Dating, Family Life, Life Observations

Blame / Psychological Projection: Or…“Excuse me, does your opinion make my butt look big?”

The other night I watched a woman trip over her own two feet, then turn to what I assume was her beleaguered boyfriend (know that I only questioned the boyfriend part) and loudly blamed him for her misstep.  J’accuse!  He weakly smiled and said, “Oh, I’m sorry.”  Poor Sir Schmoe, you do know it wasn’t your fault?  I’m sure he thinks it was noble of him to take the blame, but I wanted to sidle up and tell him it was time we start separating the sheep from the scapegoats.

I look back and my own life and see how very much of it was spent carrying the karma of other people and how hard it was to give myself permission to shrug off some of what was wrongly placed on my shoulders.

The word blame, as a verb, means to “attribute or ascribe responsibility for/to” or “to transfer one’s thoughts and/or feelings onto someone else.”  Let me tell you, peeved little kids who don’t want to get into trouble say it even better than Webster — “MOM!  It wasn’t me!  <So-and-So> did <Such-and-Such!>

In psychology, there is a fascinating term for this: Psychological Projection.  To boil it down to the size of a BB, let me give you an example from my own therapeutic archives:

I once had dinner with a loved one who insisted that it was I, not them, responsible for consuming a gigantic slice of Gooseberry pie we were supposed to be sharing, when I’d actually only taken one tiny bite (not being the biggest fan of this particular type of pie – I’m an Ollalieberry or Cherry Pie girl ma’self).  For weeks after, I got to hear how terrible it was that I didn’t seem to be able to lose weight, but that it really wasn’t a surprise, seeing how much pie I’d eaten that one night. [Full disclosure, BTW – it is the toast & butter and cream in my tea n’ coffee that is my downfall, not pie.]

O__o  

Some people just cannot have a relationship with you unless they have you carry their bag o’ emotional funhouse compact mirrors whenever you’re together.  They deny their own attributes, thoughts and emotions by verbally turning them into YOUR attributes, thoughts and emotions.  Doing so reduces their anxiety, but I can guaran-dang-tee you, it will ratchet yours up.  Being on the mirror-holding end of Psychological Projection is no fun.  It can be draining and back-breaking work.  You will find yourself constantly putting on the gauntlets of “I never!…” and “No, I didn’t!…” not realizing that a whole lot of what was being heaped upon you had nothing to do with who you really are, what you think or how you feel.

Ain’t love grand?

There are those who project unconsciously and those who do so consciously.  Either way, it can effect how you feel about yourself, if done on a continual basis.  Well then, what can do you do to save yourself and reclaim your true reflection?  At the very foundation, you have to become aware of yourself.  The fancier word that the professionals use for this is: Individuation.  Individuation means pretty much what you think it means: finding out who YOU are, as an individual.
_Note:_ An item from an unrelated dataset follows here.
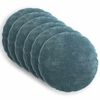 vidaXL P&aacute;rna huzat 6 pcs HEERLEN K&eacute;k &Oslash; 60 cm Chenille Sz&ouml;vet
It is not nearly as easy as it sounds and will take much longer than one might think.  Maybe even a lifetime.  But, your mission, should you choose to accept it, is to find out what you are all about.  There are lists to be made, pros and cons to consider, feelings and beliefs to be scrutinized.  These are all the things that go into the care and keeping of you, especially when you have a loved one projecting all over you.

As your friend, I would like to encourage you to crack open a journal (honestly, for less than five bucks you can find some really nice ones these days), grab a pencil or pen and start putting down on paper what you like, love and despise.  Compare it to what you’ve been told you like, love and despise.  The results may vary and be in complete contrast with what you really think or what you were told your thought you thunk.  Then, when presented with the strange and illusory fun house images of psychological projection in the future – you can have a better understanding that objects in that mirror are not exactly as they appear.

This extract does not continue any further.